Late last year, government tossed around with another plan to bail out loan-stressed private companies, a proposal which also attracted a lot of opposition from both Members of Parliament and the public.

Ms Ogwal cited section 77 of the Public Finance Management Act 2015, which she said government has contravened in proposing continued subsidisation of the selected companies.

Junior finance minister David Bahati defended the proposal.
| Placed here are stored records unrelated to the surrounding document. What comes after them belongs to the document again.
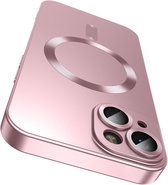 Hoesje geschikt voor iPhone 13 | 14 Hoesje Roze - Magsafe - Siliconen Shockproof Back cover voor iPhone 13 | 14 - Geschikt voor iPhone 13 Hoesje - Geschikt voor iPhone 14 Hoesje - Met Extra Camera Lens Bescherming - Mat Roze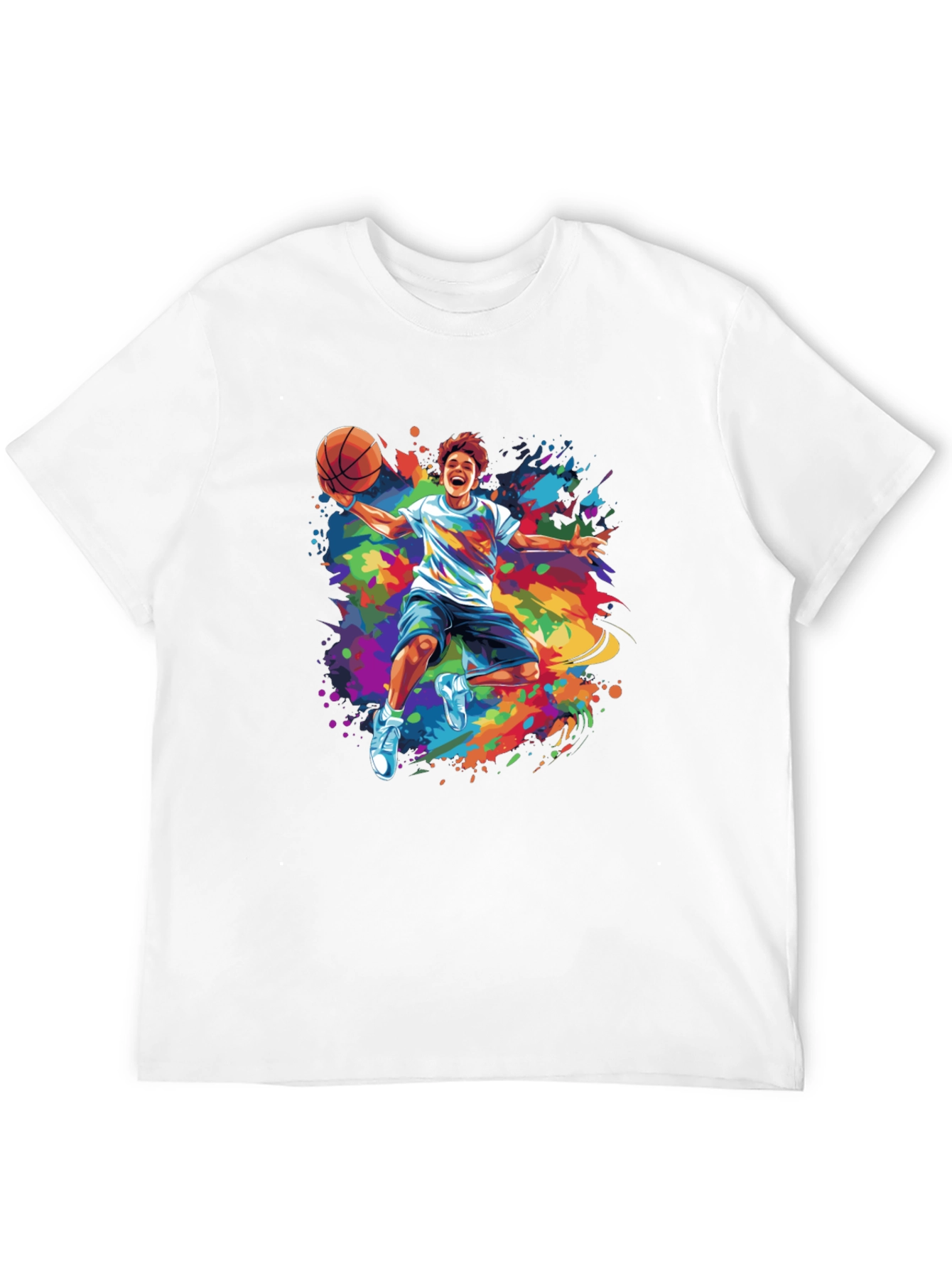 Colorful Basketball Graphic Tee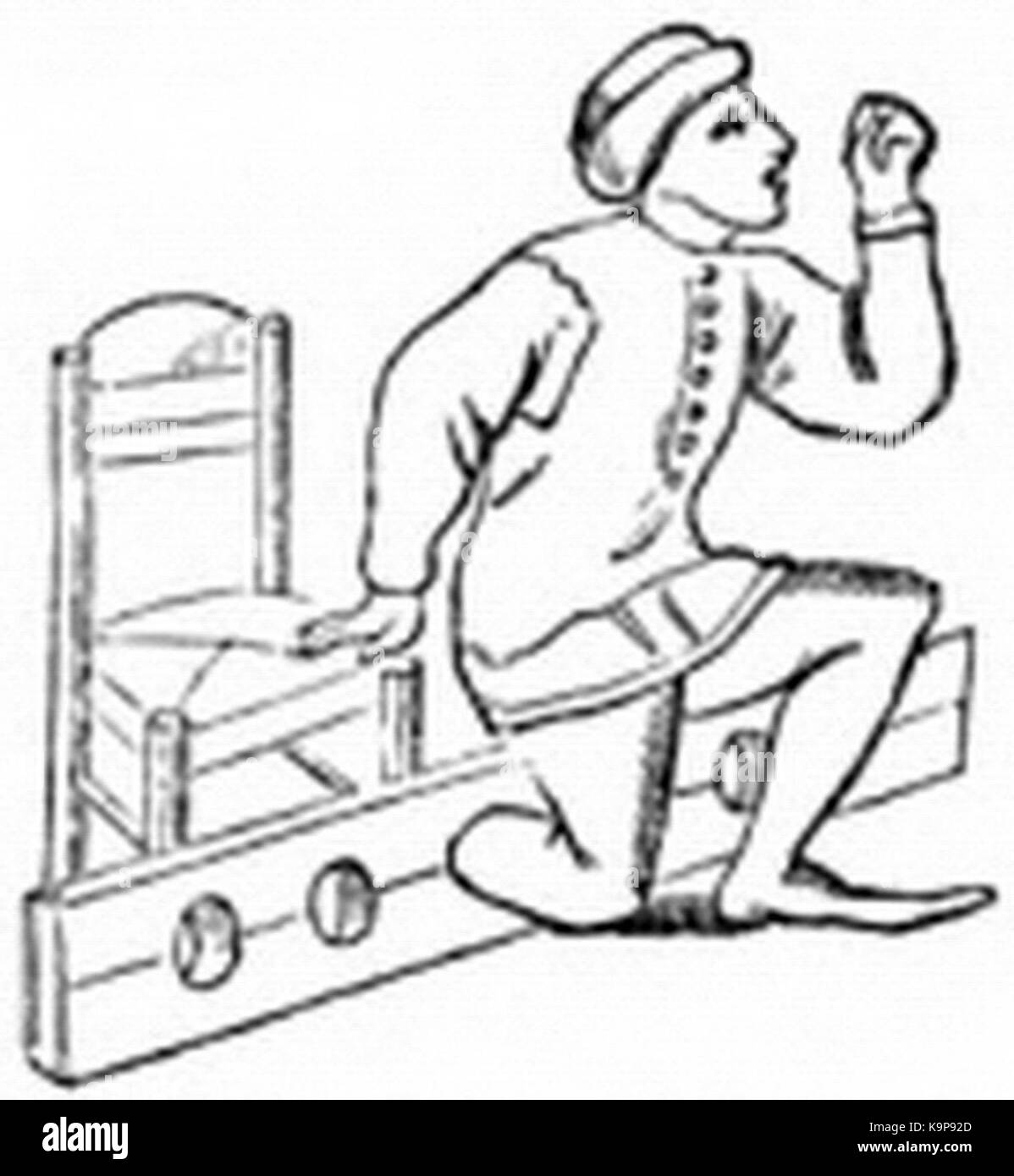 Illustration ou photographie représentant les stocks du XIIIe siècle, une forme de punition utilisée pendant la période médiévale, montrant sa conception et son utilisation dans des contextes historiques. Banque D'Images
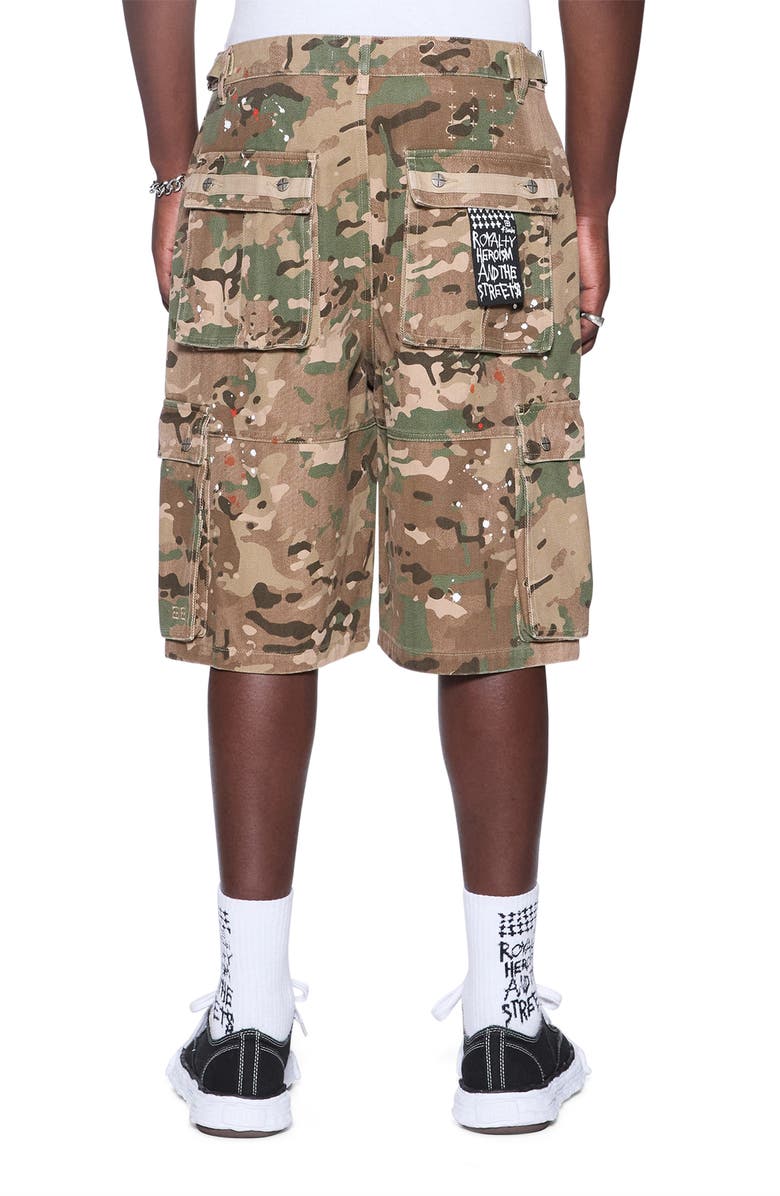 Ksubi Trooper Camo Cargo Shorts, Alternate, color, Green/ Beige
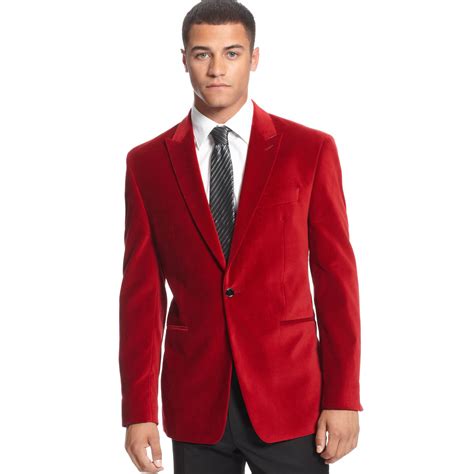 Lyst - Sean John Solid Velvet Blazer in Red for Men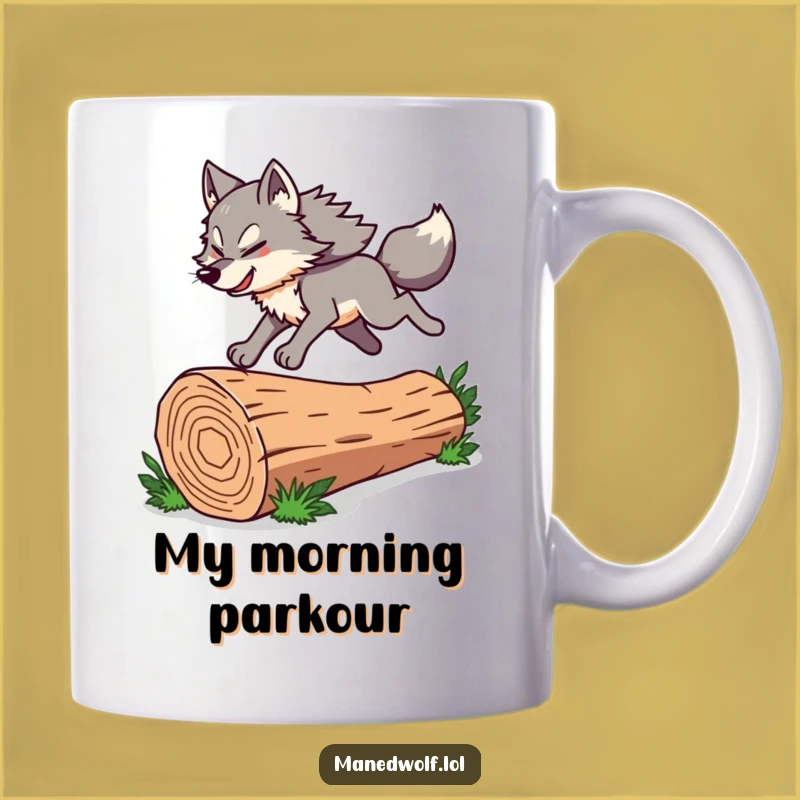 Funny Maned Wolf Leap Mug: Energetic and Agile Wolf Gift!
He said the Finance ministry does not unilaterally make tax payments for companies except with the approval of Parliament.

“I cannot exempt, so if we (government) want to give a tax exemption, we budget for it and it is paid directly by government to URA through an appropriation,” Mr Bahati said.

The committee chairperson Amos Lugoloobi (NRM, Ntenjeru South) said the tax subsidies, mostly extended to foreign-owned companies, are unfair to local companies.

“What you grant to Sameer, you should also grant to Jesa and what you grant to Steel and Tubes, you should also grant to Ssembule [Steel Mills],” he said.

After a sustained acrimonious debate on the legalities of the tax subsidies, Mr Bahati said while exemptions are not within the ministry’s legal mandate, the various tax laws and the Appropriations Act is what provides the legal basis for his ministry’s action.

“We have tried to explain that the Income Tax, the Value Added Tax, and the Appropriation Act is what we use to make the payments; they are approved by Parliament by way of appropriation,” he said.

The ministry officials explained that government asks selected companies to provide the sum of their tax obligations in a given financial year and then it appropriates an equivalent amount in the national budget.

“This financial year it is vote number 8 in the ministry of Finance budget, which if Parliament approves, we pay directly to URA,” said Mr Bahati.

Mr Bahati, however, admitted that “Parliament through enactment of various tax laws abolished discretionary powers of the minister or any other person to grant tax exemptions,” he said.

“Tax exemptions and incentives are embedded within the respective tax laws.”

West Budama North MP Richard Othieno said embedding exemptions inside appropriations is meant to “defeat the law.” “Whereas Parliament came up with various laws to stop the minister from making the exemptions, they have gone through the Appropriations [Act]to defeat the law,” he said.

Topping the list of companies lined up for tax incentive in the next financial year is Roofing Rolling Mills Limited, whose Corporation Tax government committed to pay from July 1, 2009 to June 30, 2019.

Steel and Tube Industries Limited are also to have their Corporation Tax paid by the taxpayers from January 1, 2011 to 2021. Mr Bahati said this will “support the development of the steel industry.”

Businessman Muhammad Hamid of the Aya Hotel project gets an incentive of Value Added Tax and Import Duty renewable every financial year which Mr Bahati said is intended to “support the development of the hotel industry.”